Goal of the exercise | Reprint every entry, character for character.

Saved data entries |
================

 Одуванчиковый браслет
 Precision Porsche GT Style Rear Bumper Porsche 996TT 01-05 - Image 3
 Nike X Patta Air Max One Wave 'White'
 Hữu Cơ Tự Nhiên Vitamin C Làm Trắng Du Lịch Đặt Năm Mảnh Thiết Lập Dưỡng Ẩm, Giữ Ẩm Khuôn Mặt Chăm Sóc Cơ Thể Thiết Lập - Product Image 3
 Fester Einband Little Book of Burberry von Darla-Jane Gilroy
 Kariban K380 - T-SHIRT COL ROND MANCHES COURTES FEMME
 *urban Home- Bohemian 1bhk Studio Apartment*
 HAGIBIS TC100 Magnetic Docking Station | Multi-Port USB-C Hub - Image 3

================

Solution to this task |
 Одуванчиковый браслет
 Precision Porsche GT Style Rear Bumper Porsche 996TT 01-05 - Image 3
 Nike X Patta Air Max One Wave 'White'
 Hữu Cơ Tự Nhiên Vitamin C Làm Trắng Du Lịch Đặt Năm Mảnh Thiết Lập Dưỡng Ẩm, Giữ Ẩm Khuôn Mặt Chăm Sóc Cơ Thể Thiết Lập - Product Image 3
 Fester Einband Little Book of Burberry von Darla-Jane Gilroy
 Kariban K380 - T-SHIRT COL ROND MANCHES COURTES FEMME
 *urban Home- Bohemian 1bhk Studio Apartment*
 HAGIBIS TC100 Magnetic Docking Station | Multi-Port USB-C Hub - Image 3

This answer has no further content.